To turn it on, log into your account and navigate to the Settings page. Switch to the Security tab, then click 2-step verification. Follow the on-screen steps to set up a 2FA app or mobile number. Two-factor authentication can be a pain when logging in frequently, but it goes a long way toward securing your PayPal account.
Use credit cards instead of debit cards or bank accounts
Attaching a bank account or debit card is one of the easiest ways to add money to your PayPal account, but you should avoid it if possible. Attaching a credit card achieves the same result, but provides an extra level of security.
Most importantly, it eliminates the possibility of bad actors using PayPal’s auto-withdrawal feature to drain the money from your account. Plus, fraudulent charges can be disputed with the credit card company in addition to PayPal itself, providing an extra layer of fraud protection that you wouldn’t get with a bank account or debit card.
Keep your device and software up-to-date
Whether you’re using a mobile device or a computer, make sure the device and software you’re using to access PayPal are up-to-date. Updates nearly always contain fixes for security holes that could leave your account vulnerable.
If you want to take your PayPal security even further, you can also use a dedicated device for PayPal transactions. Don’t use this device for anything else (no web surfing, no social media, no apps, etc.) and it should offer nearly bulletproof protection for your account.
Don’t use PayPal on public Wi-Fi
One of the few situations where PayPal isn’t safe, even with a dedicated device, is while connected to public Wi-Fi connections. Even if you’re just checking your account balance and not transferring money, it may be possible for outsiders to decipher your password and gain access to your account.
If you absolutely must check your balance while away from home, turn off Wi-Fi and use mobile data instead.
Only deal with verified buyers/sellers
Both buyers and sellers should be wary of unverified accounts, as they may be more prone to fraudulent charges and scams. Just about anyone can create a PayPal account in a few minutes, but verifying their identity and address opens them up to all kinds of legal troubles.
In the United States, verifying your account means linking an address (with a bank statement or utility/credit card bill) and Social Security number.
Be wary of email links and shipping labels
Two of the most common PayPal scams rely on unsuspecting users forgoing due diligence in email communications. Whenever you receive an email claiming to be from PayPal, be sure to double-check that it truly comes from PayPal, and use your browser or phone to navigate directly to your account instead of clicking on links contained in the email itself.

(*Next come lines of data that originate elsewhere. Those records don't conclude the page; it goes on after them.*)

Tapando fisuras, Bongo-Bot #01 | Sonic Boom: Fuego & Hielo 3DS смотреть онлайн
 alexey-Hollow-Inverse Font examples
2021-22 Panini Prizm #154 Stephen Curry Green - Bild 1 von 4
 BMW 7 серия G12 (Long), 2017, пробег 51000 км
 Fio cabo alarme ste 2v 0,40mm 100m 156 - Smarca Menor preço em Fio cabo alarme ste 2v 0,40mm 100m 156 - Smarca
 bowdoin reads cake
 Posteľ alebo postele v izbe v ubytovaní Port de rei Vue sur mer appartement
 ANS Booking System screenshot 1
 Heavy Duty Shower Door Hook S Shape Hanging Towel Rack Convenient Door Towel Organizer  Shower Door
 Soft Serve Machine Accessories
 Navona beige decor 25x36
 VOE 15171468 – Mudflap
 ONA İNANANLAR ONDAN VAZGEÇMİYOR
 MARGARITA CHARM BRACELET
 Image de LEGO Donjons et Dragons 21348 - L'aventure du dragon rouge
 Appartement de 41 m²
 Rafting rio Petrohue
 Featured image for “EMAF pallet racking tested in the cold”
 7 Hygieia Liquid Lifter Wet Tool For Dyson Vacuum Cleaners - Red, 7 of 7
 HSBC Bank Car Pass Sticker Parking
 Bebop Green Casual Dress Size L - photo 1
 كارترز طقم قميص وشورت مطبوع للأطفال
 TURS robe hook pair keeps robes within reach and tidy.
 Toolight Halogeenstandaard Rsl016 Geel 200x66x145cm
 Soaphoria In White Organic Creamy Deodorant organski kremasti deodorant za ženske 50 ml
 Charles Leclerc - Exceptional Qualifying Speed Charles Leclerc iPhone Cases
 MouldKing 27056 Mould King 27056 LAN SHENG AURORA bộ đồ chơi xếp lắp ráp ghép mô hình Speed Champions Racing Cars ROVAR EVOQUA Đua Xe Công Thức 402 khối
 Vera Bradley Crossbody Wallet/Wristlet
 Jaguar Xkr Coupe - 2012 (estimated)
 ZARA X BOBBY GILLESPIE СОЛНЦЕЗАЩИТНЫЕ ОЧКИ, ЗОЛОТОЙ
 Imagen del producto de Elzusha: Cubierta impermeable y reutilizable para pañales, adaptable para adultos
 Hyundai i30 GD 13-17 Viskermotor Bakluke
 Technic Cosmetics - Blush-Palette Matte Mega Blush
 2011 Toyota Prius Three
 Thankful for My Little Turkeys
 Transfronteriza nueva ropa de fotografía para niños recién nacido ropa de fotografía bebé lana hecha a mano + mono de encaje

Another common PayPal email scam targeting sellers involves sending a fake shipping label via email. The buyer can then claim that they never received the item and request a refund. To avoid this, sellers should always ship directly through reputable postal services to verified addresses, and always get an online tracking number and proof of delivery. For high-value items, you might also want to consider requiring a signature upon delivery.
Monitor your account
Our final tip to keep your PayPal account safe is one that even the most casual of users needs to keep in mind. No matter how much money you have in your PayPal account, you should regularly check it and make sure there aren’t any unexpected transactions.
The reason for this is that bad actors will frequently make a few small purchases to test out a newly acquired account. If they’re successful, they’ll move on to large purchases that quickly drain your bank account or put you in debt. Disputing these claims might get you your money back, but it will cost you countless hours, headaches, and stress. It’s best to nip it in the bud before things get out of hand.